**INSTRUCTIONS TO FOLLOW:**
Please reproduce all of the entries exactly, without omitting any.
= Beginning of Section =
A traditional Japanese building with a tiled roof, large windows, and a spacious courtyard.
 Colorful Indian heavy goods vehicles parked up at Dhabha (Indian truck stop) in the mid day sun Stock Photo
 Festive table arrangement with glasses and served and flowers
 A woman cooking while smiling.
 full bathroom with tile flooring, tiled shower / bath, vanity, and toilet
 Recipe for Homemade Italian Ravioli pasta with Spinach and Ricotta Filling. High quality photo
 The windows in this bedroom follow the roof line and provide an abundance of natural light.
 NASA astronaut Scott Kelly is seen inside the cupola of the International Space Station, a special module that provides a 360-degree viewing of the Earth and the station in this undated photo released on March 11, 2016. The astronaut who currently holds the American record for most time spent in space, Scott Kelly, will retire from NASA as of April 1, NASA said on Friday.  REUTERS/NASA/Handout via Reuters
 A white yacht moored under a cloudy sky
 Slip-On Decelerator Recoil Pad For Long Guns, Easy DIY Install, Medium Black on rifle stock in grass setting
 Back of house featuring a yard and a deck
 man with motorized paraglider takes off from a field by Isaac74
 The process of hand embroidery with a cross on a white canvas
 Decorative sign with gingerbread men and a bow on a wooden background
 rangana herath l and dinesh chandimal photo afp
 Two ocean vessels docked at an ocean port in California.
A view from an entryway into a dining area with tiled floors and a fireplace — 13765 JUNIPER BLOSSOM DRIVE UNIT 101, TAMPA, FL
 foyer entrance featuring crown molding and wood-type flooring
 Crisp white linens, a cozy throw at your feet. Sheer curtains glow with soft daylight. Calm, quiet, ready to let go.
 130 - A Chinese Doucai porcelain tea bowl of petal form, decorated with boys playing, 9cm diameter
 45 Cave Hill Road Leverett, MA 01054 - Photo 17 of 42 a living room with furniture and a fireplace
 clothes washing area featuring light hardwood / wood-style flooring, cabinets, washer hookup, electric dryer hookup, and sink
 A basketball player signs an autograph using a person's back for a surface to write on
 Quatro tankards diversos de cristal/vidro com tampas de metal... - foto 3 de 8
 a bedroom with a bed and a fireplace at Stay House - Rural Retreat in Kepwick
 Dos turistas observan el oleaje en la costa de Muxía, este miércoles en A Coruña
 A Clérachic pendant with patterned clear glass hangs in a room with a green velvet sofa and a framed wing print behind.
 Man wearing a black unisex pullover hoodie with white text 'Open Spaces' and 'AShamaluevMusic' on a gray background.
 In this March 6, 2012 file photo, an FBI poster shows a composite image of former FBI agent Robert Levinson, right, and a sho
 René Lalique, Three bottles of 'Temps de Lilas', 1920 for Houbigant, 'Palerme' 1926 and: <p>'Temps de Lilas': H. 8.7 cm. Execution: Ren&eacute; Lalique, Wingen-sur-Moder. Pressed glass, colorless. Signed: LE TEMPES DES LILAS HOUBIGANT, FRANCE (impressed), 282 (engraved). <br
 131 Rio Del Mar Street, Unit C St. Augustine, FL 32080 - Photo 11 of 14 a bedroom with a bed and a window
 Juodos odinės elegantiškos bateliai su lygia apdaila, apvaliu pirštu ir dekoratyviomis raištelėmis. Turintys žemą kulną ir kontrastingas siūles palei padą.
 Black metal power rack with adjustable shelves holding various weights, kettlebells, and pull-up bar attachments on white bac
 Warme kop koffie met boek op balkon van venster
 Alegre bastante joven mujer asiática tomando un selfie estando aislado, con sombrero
= End of Section =
**TASK OUTPUT:**
A traditional Japanese building with a tiled roof, large windows, and a spacious courtyard.
 Colorful Indian heavy goods vehicles parked up at Dhabha (Indian truck stop) in the mid day sun Stock Photo
 Festive table arrangement with glasses and served and flowers
 A woman cooking while smiling.
 full bathroom with tile flooring, tiled shower / bath, vanity, and toilet
 Recipe for Homemade Italian Ravioli pasta with Spinach and Ricotta Filling. High quality photo
 The windows in this bedroom follow the roof line and provide an abundance of natural light.
 NASA astronaut Scott Kelly is seen inside the cupola of the International Space Station, a special module that provides a 360-degree viewing of the Earth and the station in this undated photo released on March 11, 2016. The astronaut who currently holds the American record for most time spent in space, Scott Kelly, will retire from NASA as of April 1, NASA said on Friday.  REUTERS/NASA/Handout via Reuters
 A white yacht moored under a cloudy sky
 Slip-On Decelerator Recoil Pad For Long Guns, Easy DIY Install, Medium Black on rifle stock in grass setting
 Back of house featuring a yard and a deck
 man with motorized paraglider takes off from a field by Isaac74
 The process of hand embroidery with a cross on a white canvas
 Decorative sign with gingerbread men and a bow on a wooden background
 rangana herath l and dinesh chandimal photo afp
 Two ocean vessels docked at an ocean port in California.
A view from an entryway into a dining area with tiled floors and a fireplace — 13765 JUNIPER BLOSSOM DRIVE UNIT 101, TAMPA, FL
 foyer entrance featuring crown molding and wood-type flooring
 Crisp white linens, a cozy throw at your feet. Sheer curtains glow with soft daylight. Calm, quiet, ready to let go.
 130 - A Chinese Doucai porcelain tea bowl of petal form, decorated with boys playing, 9cm diameter
 45 Cave Hill Road Leverett, MA 01054 - Photo 17 of 42 a living room with furniture and a fireplace
 clothes washing area featuring light hardwood / wood-style flooring, cabinets, washer hookup, electric dryer hookup, and sink
 A basketball player signs an autograph using a person's back for a surface to write on
 Quatro tankards diversos de cristal/vidro com tampas de metal... - foto 3 de 8
 a bedroom with a bed and a fireplace at Stay House - Rural Retreat in Kepwick
 Dos turistas observan el oleaje en la costa de Muxía, este miércoles en A Coruña
 A Clérachic pendant with patterned clear glass hangs in a room with a green velvet sofa and a framed wing print behind.
 Man wearing a black unisex pullover hoodie with white text 'Open Spaces' and 'AShamaluevMusic' on a gray background.
 In this March 6, 2012 file photo, an FBI poster shows a composite image of former FBI agent Robert Levinson, right, and a sho
 René Lalique, Three bottles of 'Temps de Lilas', 1920 for Houbigant, 'Palerme' 1926 and: <p>'Temps de Lilas': H. 8.7 cm. Execution: Ren&eacute; Lalique, Wingen-sur-Moder. Pressed glass, colorless. Signed: LE TEMPES DES LILAS HOUBIGANT, FRANCE (impressed), 282 (engraved). <br
 131 Rio Del Mar Street, Unit C St. Augustine, FL 32080 - Photo 11 of 14 a bedroom with a bed and a window
 Juodos odinės elegantiškos bateliai su lygia apdaila, apvaliu pirštu ir dekoratyviomis raištelėmis. Turintys žemą kulną ir kontrastingas siūles palei padą.
 Black metal power rack with adjustable shelves holding various weights, kettlebells, and pull-up bar attachments on white bac
 Warme kop koffie met boek op balkon van venster
 Alegre bastante joven mujer asiática tomando un selfie estando aislado, con sombrero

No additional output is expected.